Packaged recipes live under recipes/ and helper scripts live under scripts/.
The library includes:
- Sub-agent launchers;
- Review, critic, planner, verifier, merger, judge, normalizer, and artifact atoms;
- Quorum and lens-style pipelines;
- Repo-health, release-summary, research-synthesis, development-tasking, docs-maintenance, and room-swarm pipelines;
- Coordinator-locker and actor-message utilities;
- Local music-player actor recipe.
Packaged recipes are building blocks. Copy them into ~/.pi/agent/recipes/ or register tools that point at them when they should become durable operator-facing capabilities.
Use a foreground registered tool when the work is short, bounded, and does not need lifecycle.
Use an async recipe or spawn when the work is long-running, service-like, parallel, agentic, artifact-producing, or needs later control. When a directly spawned inline/ad hoc actor or a recipe outside the user recipe root completes successfully, pi-actors sends the launching agent a follow-up note to offer saving that pattern as a durable recipe/tool under ~/.pi/agent/recipes; the agent should ask first and never auto-save.

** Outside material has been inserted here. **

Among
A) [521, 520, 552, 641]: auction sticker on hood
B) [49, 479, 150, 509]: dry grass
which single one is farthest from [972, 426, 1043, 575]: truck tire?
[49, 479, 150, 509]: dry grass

Use room:<run> when multiple actors in the same run need shared context, roster discovery, or group-visible progress.
Use artifacts when outputs should survive context compression.
Use mailbox declarations when an actor has a stable conversational surface.
Core actor state, inspection, foreground tools, and basic async runs are portable Node.js behavior. Run-local messaging and stop/kill use a platform adapter under the same message API: Unix-compatible recipes can use their existing local control endpoint, while native Windows recipes can expose a Windows-native endpoint in run state. Some packaged scripts still depend on Unix tools and are WSL/Linux/macOS-only until migrated; their public recipe surface should stay spawn / message / inspect either way.
| Surface | Linux/macOS/WSL | Native Windows |
|---|---|---|
| Foreground tools, recipe discovery, inspect | Supported | Supported |
| Async runs and file-backed state | Supported | Supported |
| Mailbox-only actors and worker recipe | Supported | Supported |
| FIFO control endpoints | Supported | Not supported; use mailbox or named pipe |
| Named-pipe control endpoints | Not needed | Supported when recipe exposes one |
| Process cancel/kill | Process group signal with pid fallback | Windows process-tree adapter |
Packaged recipes should prefer mailbox/wake behavior for portable control. Recipes that require FIFO, Unix shell tools, or platform-specific media backends should make that limitation visible in docs or diagnostics before launch.
pi-actors is local-first, not sandbox-first.
Commands execute directly without shell evaluation where possible, but trusted executables still run with the same system permissions as Pi. Only register commands, scripts, recipes, and paths you trust.
High-risk templates such as shells, interpreter eval modes, and broad filesystem mutation may surface warnings, but the runtime is not a security boundary.
Prefer:
- Narrow commands;
- Explicit paths;
- Typed args;
- Bounded timeouts for bounded work;
- Explicit tool allowlists for sub-agents;
- Deterministic utility recipes for filesystem writes;
- Human approval for destructive or external side effects.
pi-actors is NOT:
- A generic workflow DSL;
- A remote agent interoperability protocol;
- A heavyweight broker or chat subsystem;
- A sandbox;
- A facade that hides logs, artifacts, ownership, or local side effects;
- A polling-first async runner.
Its job is narrower: make trusted local capabilities addressable, messageable, inspectable, and reusable by agents.